Learn why Jason is convinced that the new Harris-LSE Double Executive Master's in Health Policy fills a gap in health policy education worldwide.
Jason Helgerson, MPP'95
Jason Helgerson, MPP'95

The University of Chicago Harris School of Public Policy has launched a Double Executive Master’s in Health Policy with the London School of Economics and Political Science (LSE) designed for mid-career health professionals interested in accelerating their careers.

Though a newer program, past Harris Public Policy graduates have taken part in summer programs at the LSE. One of those graduates is Jason Helgerson, a 1995 graduate of the Harris MPP program who is now the Medicaid Director at the State of New York Department of Health.

CURRENT ROLE:

Medicaid Director, State of New York Department of Health

UNDERGRADUATE DEGREE:

BA in political science, American University

When did you study at LSE and what was your experience like?

While most of my colleagues worked over the summer, I attended the Summer Graduate School Program at LSE in the summer between the two years of my MPP. I lived in a dorm and I took classes on macroeconomics and the Economics of the European Community. It was an experience I greatly enjoyed and recommend. As a Harris alum and a participant in an LSE summer program, I have a sense of the strengths of both places. The quality of the programs, the rigor, and the attention to the analytical approaches at LSE strongly complement and align with those of Harris. I felt very much at home when I was at LSE and it was a great complement to what I was learning at the University of Chicago.

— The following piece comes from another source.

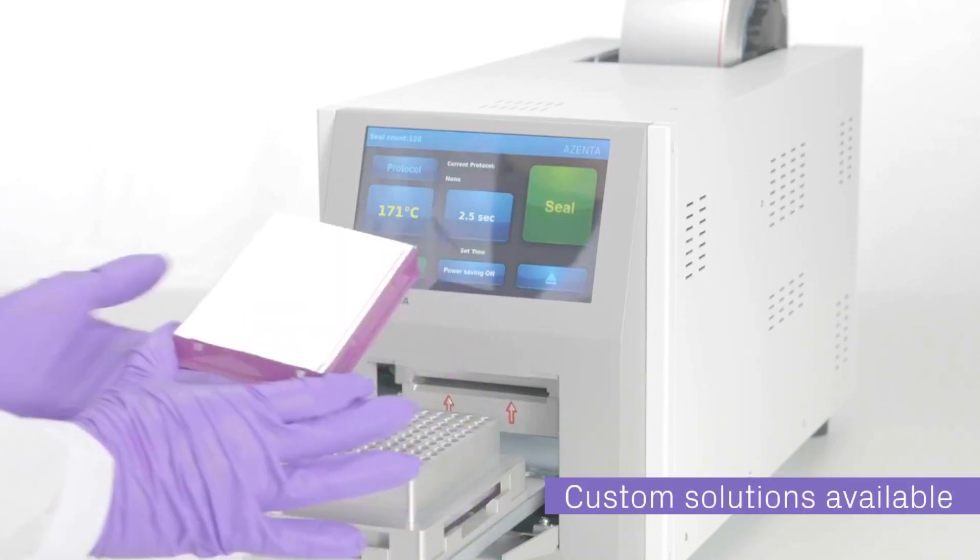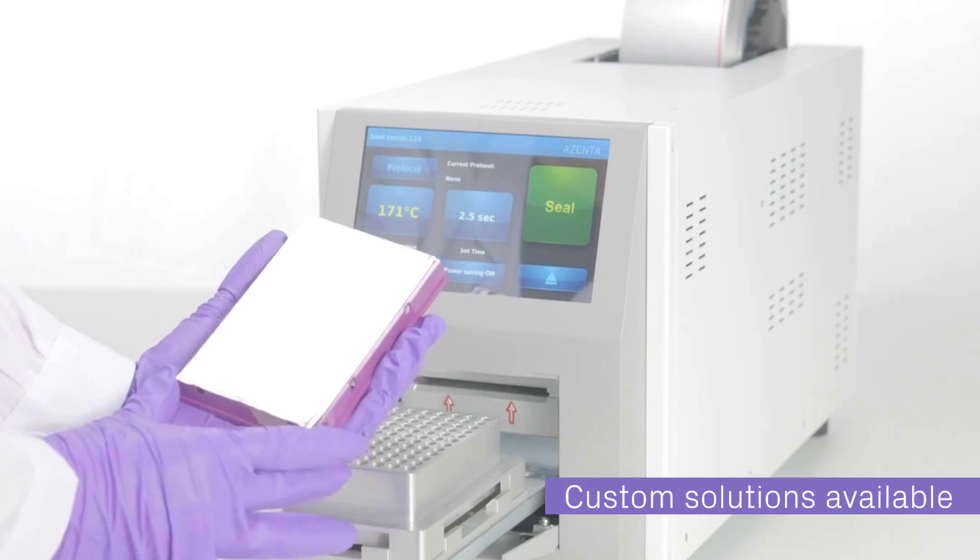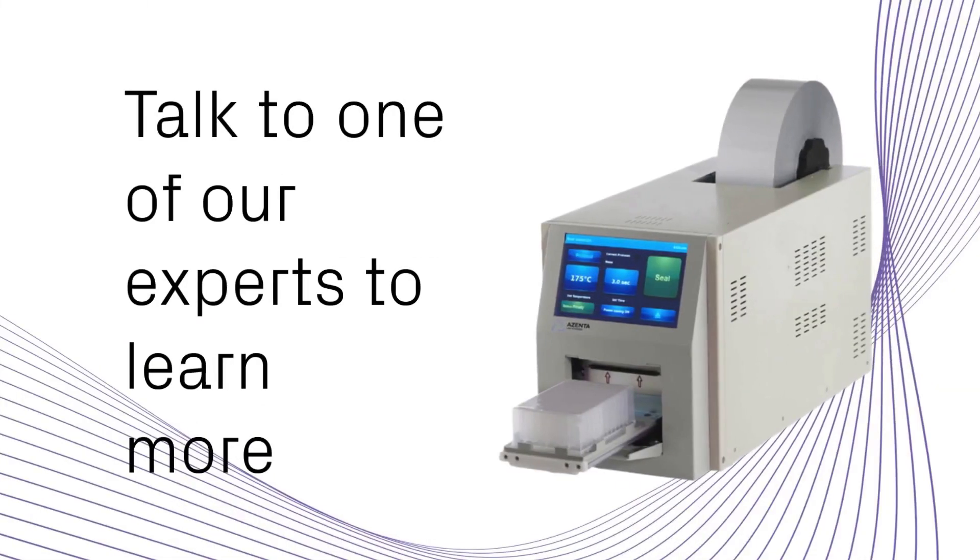Elevate your laboratory's productivity and reliability with the automated roll heat sealer from Azenta Life Sciences. Discover more at azenta.com and request a demo or quote today.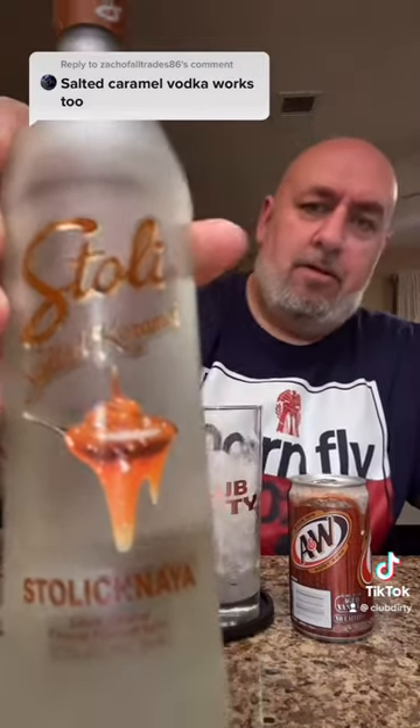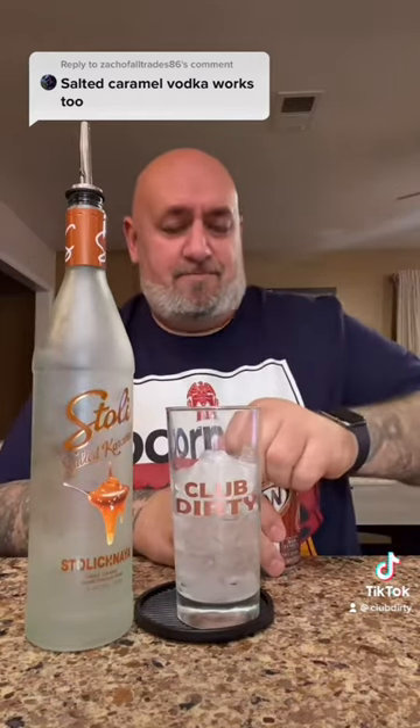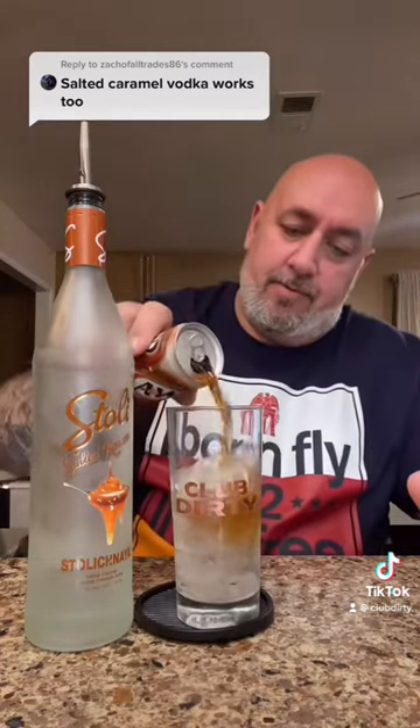We got some Stoli salted caramel vodka and a little tiny can of A&W root beer. Go ahead and stir that up. That smells good. I smell it from here. Let's go ahead and give that a try — salted caramel vodka and A&W root beer.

Why would you recommend the Chicago-LSE Double Executive Master’s in Health Policy?

The Double Executive Master’s is such a unique opportunity to share experiences across borders. Human beings are human beings, and health care challenges are not unique to the U.S. There’s a tremendous amount that we can and should be learning from each other. We have far more in common than not.

Through this program, students will have access to a robust curriculum and gain additional skills that will be really important to folks looking to become health leaders. Historically, there has not been much opportunity for cross-national learning or systemic opportunities to share experiences across borders. Sometimes we look at pieces of our health care system and say, “We are so different, there’s not much to learn from the United Kingdom or other systems.” They often think the same. But we—and they—couldn’t be more wrong. For example, the solutions that we’re pursuing in New York have very strong parallels to what is being pursued in England. I was recently in East London and Manchester where areas have been devastated by the end of the coal industry. People are on the ground trying to work across systems. The strategies are very similar to what we’re doing here now in the United States.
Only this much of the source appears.